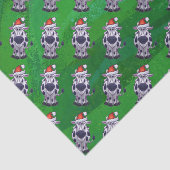 Koe Kerstmis op groen Tissuepapier (Detail)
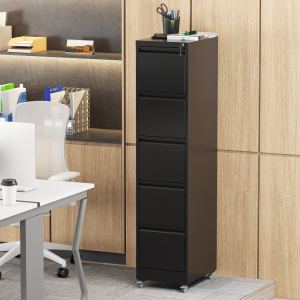 5 Drawer Metal Vertical File Cabinet With Lock On Wheels For Home Office,Heavy Duty Metal Storage Cabinet For A4 Letter Legal Size Files, Black, 17.71 Dx15.16 Wx64.17 H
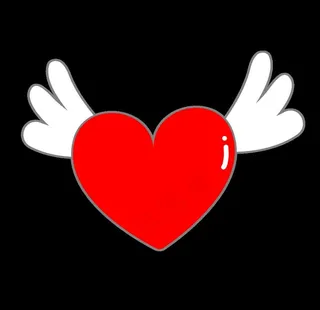 带着翅膀的爱心图片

- - - - -

■ **Instructions to follow**:
Could you repeat all of the material exactly? Pictures should not be copied.

■ **Exercise answer**:
 Koe Kerstmis op groen Tissuepapier (Detail)
 5 Drawer Metal Vertical File Cabinet With Lock On Wheels For Home Office,Heavy Duty Metal Storage Cabinet For A4 Letter Legal Size Files, Black, 17.71 Dx15.16 Wx64.17 H
 带着翅膀的爱心图片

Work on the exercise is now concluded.